Listed records:

####################

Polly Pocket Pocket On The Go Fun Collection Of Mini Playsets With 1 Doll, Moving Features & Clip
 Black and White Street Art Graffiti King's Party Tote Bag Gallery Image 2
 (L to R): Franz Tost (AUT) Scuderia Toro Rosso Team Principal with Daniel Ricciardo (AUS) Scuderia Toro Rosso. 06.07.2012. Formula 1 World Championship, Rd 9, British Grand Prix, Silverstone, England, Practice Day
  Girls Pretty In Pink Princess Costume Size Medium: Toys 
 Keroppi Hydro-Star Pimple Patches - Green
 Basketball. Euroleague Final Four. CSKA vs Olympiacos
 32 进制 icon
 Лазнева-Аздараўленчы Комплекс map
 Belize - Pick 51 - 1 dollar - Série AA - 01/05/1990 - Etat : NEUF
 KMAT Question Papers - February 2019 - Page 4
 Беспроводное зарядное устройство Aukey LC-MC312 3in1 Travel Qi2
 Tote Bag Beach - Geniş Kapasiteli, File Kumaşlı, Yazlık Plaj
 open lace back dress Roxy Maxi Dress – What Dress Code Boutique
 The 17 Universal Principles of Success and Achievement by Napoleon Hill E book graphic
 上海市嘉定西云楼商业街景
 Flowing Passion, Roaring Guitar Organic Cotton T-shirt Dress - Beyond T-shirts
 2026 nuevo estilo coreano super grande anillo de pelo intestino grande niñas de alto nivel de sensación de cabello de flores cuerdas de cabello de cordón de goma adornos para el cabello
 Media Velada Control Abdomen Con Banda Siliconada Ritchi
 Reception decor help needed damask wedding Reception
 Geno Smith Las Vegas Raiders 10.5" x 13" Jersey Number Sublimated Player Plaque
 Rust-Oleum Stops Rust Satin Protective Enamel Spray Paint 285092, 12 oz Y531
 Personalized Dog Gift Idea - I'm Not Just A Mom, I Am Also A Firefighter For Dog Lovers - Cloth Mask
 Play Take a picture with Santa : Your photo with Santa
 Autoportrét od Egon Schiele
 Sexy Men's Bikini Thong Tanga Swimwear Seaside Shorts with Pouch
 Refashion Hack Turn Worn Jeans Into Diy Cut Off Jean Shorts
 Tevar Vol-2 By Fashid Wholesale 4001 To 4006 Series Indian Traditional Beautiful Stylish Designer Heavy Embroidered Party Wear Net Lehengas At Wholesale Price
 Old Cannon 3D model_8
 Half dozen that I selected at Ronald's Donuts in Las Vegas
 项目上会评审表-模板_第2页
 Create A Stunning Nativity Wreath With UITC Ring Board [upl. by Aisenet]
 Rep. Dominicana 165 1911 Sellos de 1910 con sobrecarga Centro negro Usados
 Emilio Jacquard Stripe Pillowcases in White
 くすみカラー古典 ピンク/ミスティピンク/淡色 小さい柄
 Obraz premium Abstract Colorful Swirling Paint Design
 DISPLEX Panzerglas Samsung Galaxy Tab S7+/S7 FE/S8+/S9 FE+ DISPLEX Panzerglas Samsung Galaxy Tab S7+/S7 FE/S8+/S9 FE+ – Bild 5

####################

Goal of the exercise: Reproduce the lines of the entries above exactly, but only from the line containing "Emilio Jacquard Stripe Pillowcases in White" through the final line.

Exercise response:
 Emilio Jacquard Stripe Pillowcases in White
 くすみカラー古典 ピンク/ミスティピンク/淡色 小さい柄
 Obraz premium Abstract Colorful Swirling Paint Design
 DISPLEX Panzerglas Samsung Galaxy Tab S7+/S7 FE/S8+/S9 FE+ DISPLEX Panzerglas Samsung Galaxy Tab S7+/S7 FE/S8+/S9 FE+ – Bild 5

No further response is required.